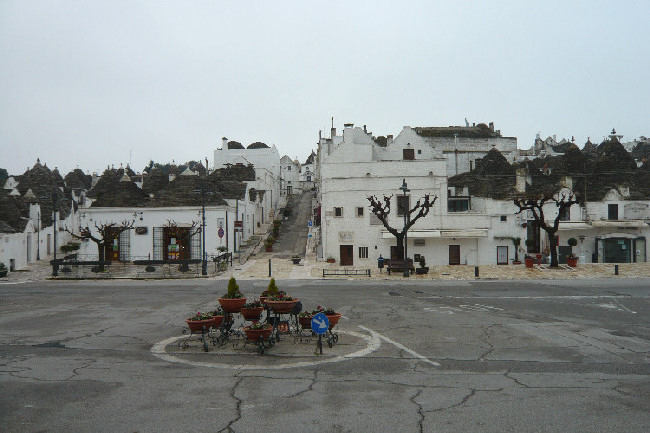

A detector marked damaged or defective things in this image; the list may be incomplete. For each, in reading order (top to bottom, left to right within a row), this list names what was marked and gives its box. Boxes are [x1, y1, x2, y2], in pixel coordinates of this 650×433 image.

cracked asphalt [0, 278, 644, 430]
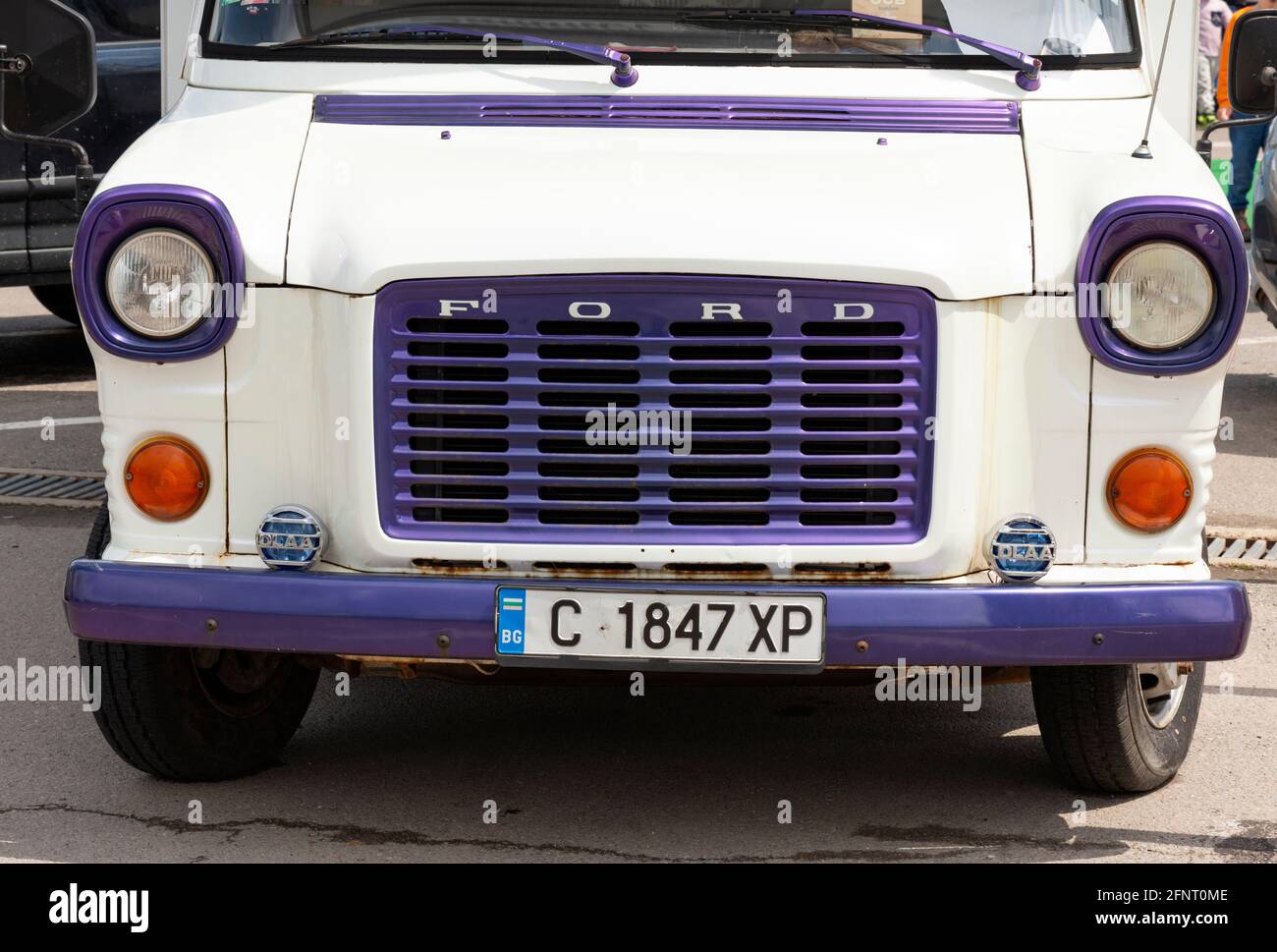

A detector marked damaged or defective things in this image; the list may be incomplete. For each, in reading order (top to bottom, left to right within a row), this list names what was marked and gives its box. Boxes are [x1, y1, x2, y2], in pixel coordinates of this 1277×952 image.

rusted bumper edge [62, 559, 1246, 664]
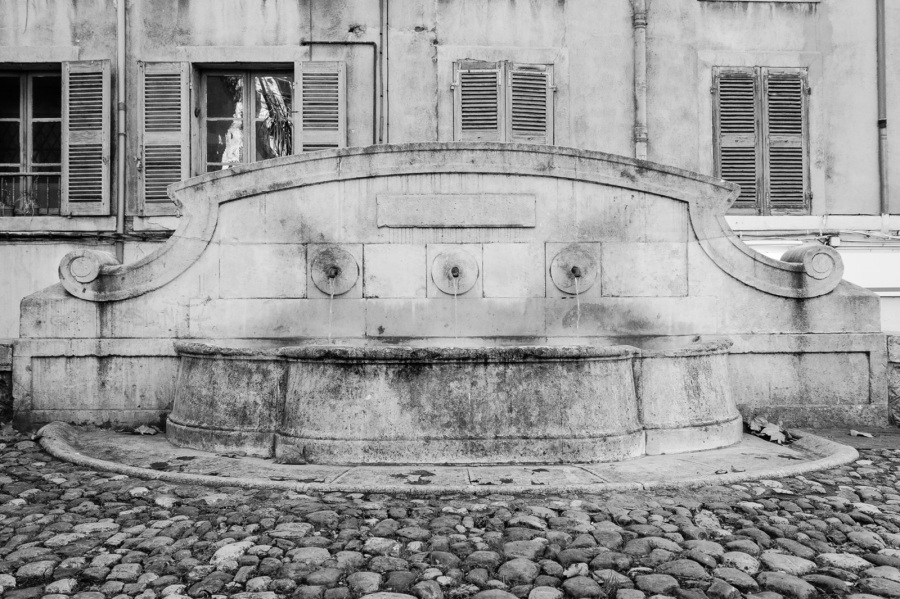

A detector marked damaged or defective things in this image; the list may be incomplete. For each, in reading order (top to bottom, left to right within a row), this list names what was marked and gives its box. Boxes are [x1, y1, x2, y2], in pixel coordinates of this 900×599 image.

broken window [0, 71, 62, 216]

.....

Lines from the one that contains "this 1277×952 image." through the last line of the data above are to be extracted exactly, with no pictures and no other lines.

A detector marked damaged or defective things in this image; the list may be incomplete. For each, in reading order (top to bottom, left to right within a row), this list names what was marked and gives its box. Boxes are [x1, y1, x2, y2], in pixel coordinates of this 1277×952 image.

rusted bumper edge [62, 559, 1246, 664]

A detector marked damaged or defective things in this image; the list may be incomplete. For each, in reading order (top to bottom, left to right within a row), this list names what was marked and gives its box. Boxes are [x1, y1, x2, y2], in pixel coordinates of this 900×599 image.

broken window [0, 71, 62, 216]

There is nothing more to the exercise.